Software Development

68 Resources To Help You To Create Programming Languages

Here it is a new guide, to collect and organize all the knowledge that you need to create your programming language from scratch.

Creating a programming language is one of the most fascinating challenge you can dream of as a developer.

The problem is that there are a lot of moving parts, a lot of things to do right and it is difficult to find a well detailed map, to show you the way. Sure, you can find a tutorial on writing half a parser there, an half-baked list of advices on language design, an example of a naive interpreter. To find those things you will need to spend hours navigating forums and following links.

We thought it was the case to save you some time by collecting relevant resources, evaluate them and organize them. So you can spend time using good resources, not looking for them.

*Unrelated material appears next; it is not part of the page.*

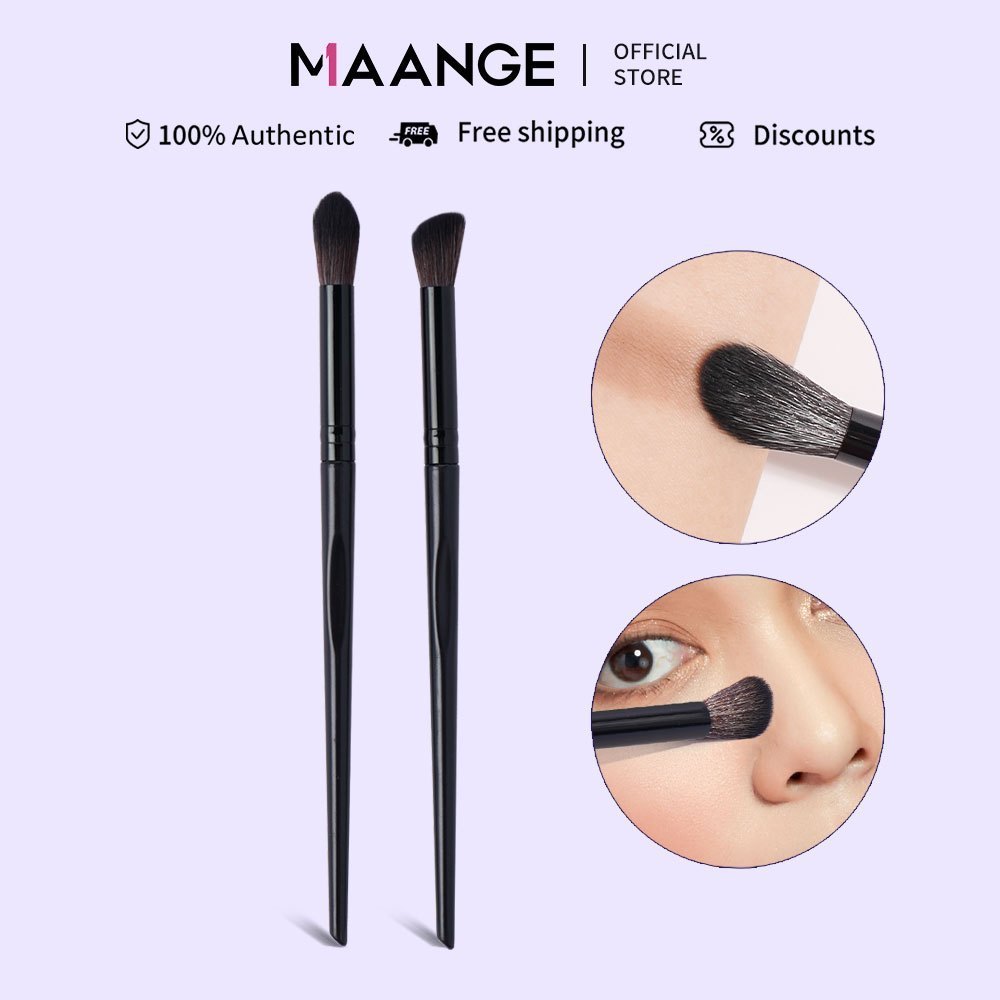 MAANGE 2 ชิ้น แปรงแต่งหน้า หัวเฉียง คอนทัวร์จมูก เฉดดิ้ง ไฮไลท์ แบบพกพา 51255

We organized the resources around the three stages in the creation of a programming language: design, parsing, and execution.

Section 1:

Designing the Language

When creating a programming language you need to take ideas and transform them in decisions. This is what you do during the design phase.

Before You Start…

Some good resources to beef up your culture on language design.

Articles

Books

  • Design Concepts in Programming Languages, if you want to make deliberate choices in the creation of your programming language, this is the book you need. Otherwise, if you don’t already have the necessary theoretical background, you risk doing things the way everybody else does them. It’s also useful to develop a general framework to understand how the different programming languages behave and why.
  • Practical Foundations for Programming Languages, this is for the most part a book about studying and classifying programming languages. But by understanding the different options available it can also be used to guide the implementation of your programming language.
  • Programming Language Pragmatics, 4th Edition, this is the most comprehensive book to understand contemporary programming languages. It discusses different aspects of everything from C# to OCaml and even the different kinds of programming languages such as functional and logical ones. It also covers the several steps and parts of the implementation, such as an intermediate language, linking, virtual machines, etc.
  • Structure and Interpretation of Computer Programs, Second Edition, an introduction to computer science for people that already have a degree in it. A book widely praised by programmers, including Paul Graham directly on the Amazon Page, that helps you developing a new way to think about programming language. It’s quite abstract and examples are proposed in Scheme. It also covers many different aspect of programming languages including advanced topics like garbage collection.

Type Systems

Long discussions and infinite disputes are fought around type systems. Whatever choices you end up making it make sense to know the different positions.

Articles

  • These are two good introductory articles on the subject of type systems. The first discuss the dichotomy Static/Dynamic and the second one dive into Introspection.
  • What To Know Before Debating Type Systems, if you already know the basics of type systems this article is for you. It will permit you to understand them better by going into definitions and details.
  • Type Systems (PDF), a paper on the formalization of Type Systems that also introduces more precise definitions of the different type systems.

Books

  • Types and Programming Languages, a comprehensive book on understanding type systems. It will impact how your ability to design programming languages and compilers. It has a strong theoretical support, but it also explains the practical importance of individual concepts.
  • Functional programming and type systems, an interesting university course on type systems for functional programming. It is used in a well known French university. There are also notes and presentation material available. It is as advanced as you would expect.
  • Type Systems for Programming Language, is a simpler course on type system for (functional) programming languages.

Section 2:

Parsing

Parsing transform the concrete syntax in a form that is more easily manageable by computers. This usually means transforming text written by humans in a more useful representation of the source code, an Abstract Syntax Tree.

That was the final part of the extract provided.